Neste plano, no domínio dos incentivos à reabilitação urbana, a uniformização jurisprudencial que veio apoiar a posição restritiva (e, a nosso ver, contrária à lei) da Autoridade Tributária quanto à aplicação da taxa reduzida de IVA a determinadas empreitadas de construção habitacional, veio levantar um nível de incerteza e litigância no setor da promoção residencial que não se coaduna com o espírito de incentivo que este Governo procura promover. Com efeito, as inspeções fiscais em curso e as liquidações de imposto adicional àqueles que procuraram reabilitar as cidades e trazer novos fogos às famílias em uso dos incentivos previstos na lei, estão a fazer investidores e promotores pensar várias vezes antes de decidir embarcar em novos projetos, principalmente os dirigidos à classe média. Sem uma clarificação legislativa que estanque a incoerência, incerteza e litigância, poderão sair gorados os planos agora apresentados pelo Governo para um choque habitacional.
Por fim, a manutenção de um regime de taxas agravadas de IMT e IMI para entidades sediadas em determinadas jurisdições, ainda que cooperantes e com procedimentos de transparência e troca efetiva de informações fiscais em vigor, tem afastado uma importante fatia de investimento estrangeiro, não só no setor imobiliário mas na economia em geral, sem ganhos reais em matéria de combate à evasão fiscal, pelo que seria importante que o OE2026 procurasse inverter esta tendência.

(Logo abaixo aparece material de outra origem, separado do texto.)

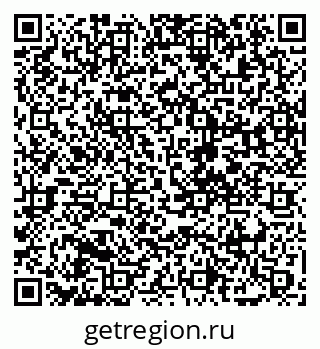 79088677727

Se por um lado vemos com bons olhos grande parte das medidas apresentadas pelo Governo para incentivar um aumento expressivo de novos fogos no mercado, incluindo o de arrendamento, sem corrigir as falhas estruturais que afloramos acima, o enquadramento fiscal poderá manter-se fragmentado e desalinhado com os objetivos de dinamização do mercado habitacional, comprometendo a eficácia das medidas anunciadas.